*YOUR OBJECTIVE:* Keep the images out and set the listing below down word for word.

*DATA PROVIDED:*
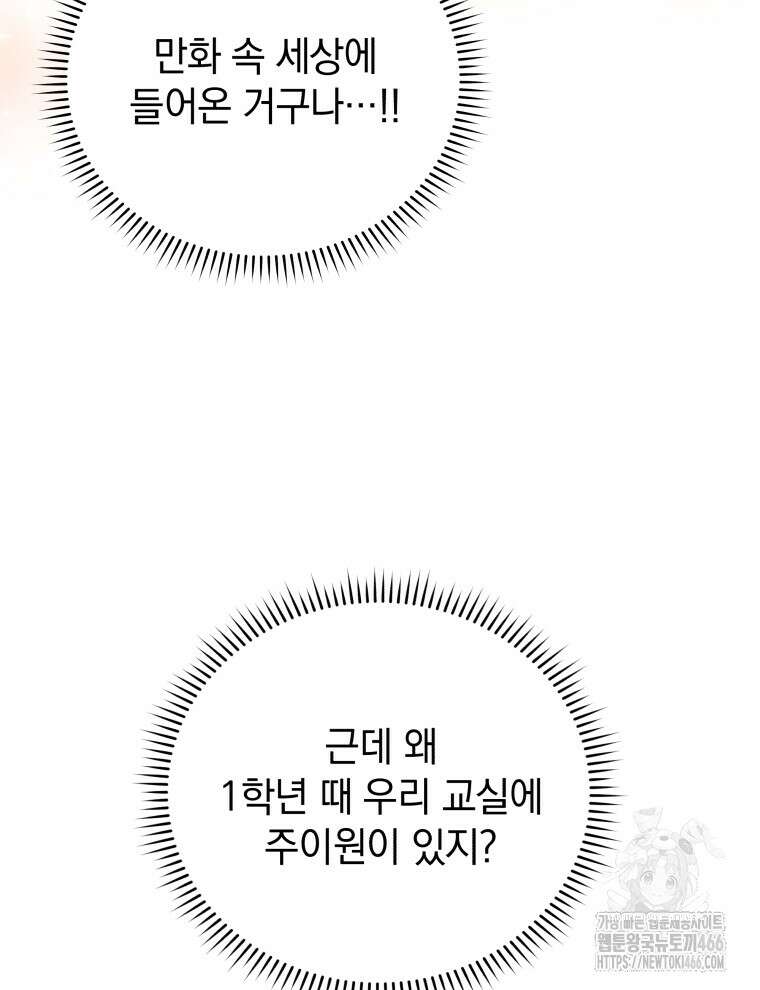 남주가 없으면 내 성적이 망한다 1화 117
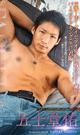 ISHIDO TASUKU -DVD- - DVD / 130min
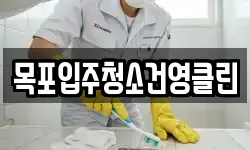 목포입주청소건영클린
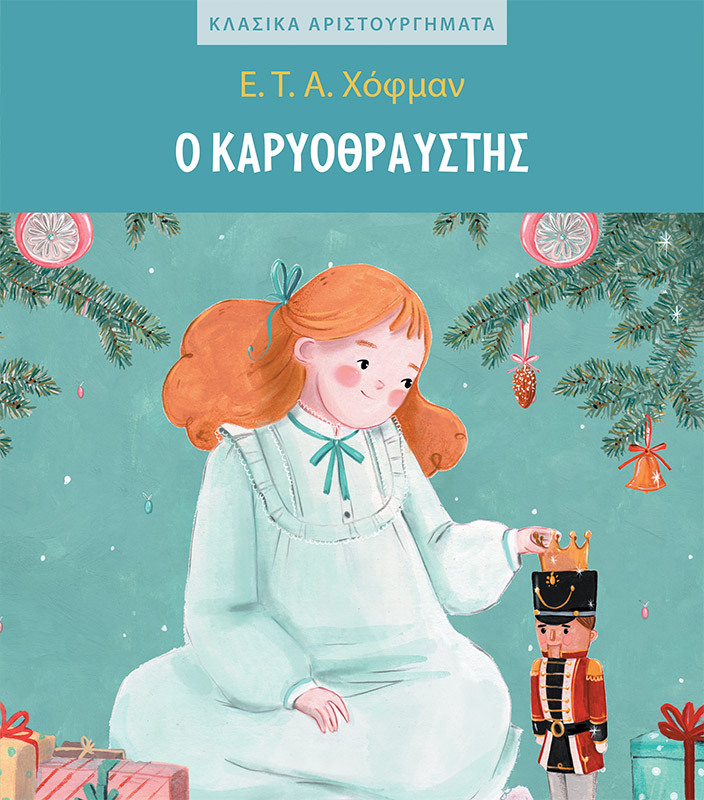 Ο ΚΑΡΥΟΘΡΑΥΣΤΗΣ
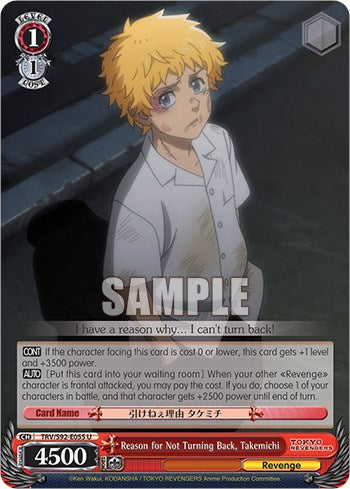 Reason for Not Turning Back, Takemichi (TRV/S92-E055 U) [Tokyo Revengers] | Cracking-Singles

*EXERCISE RESULT:*
 남주가 없으면 내 성적이 망한다 1화 117
 ISHIDO TASUKU -DVD- - DVD / 130min
 목포입주청소건영클린
 Ο ΚΑΡΥΟΘΡΑΥΣΤΗΣ
 Reason for Not Turning Back, Takemichi (TRV/S92-E055 U) [Tokyo Revengers] | Cracking-Singles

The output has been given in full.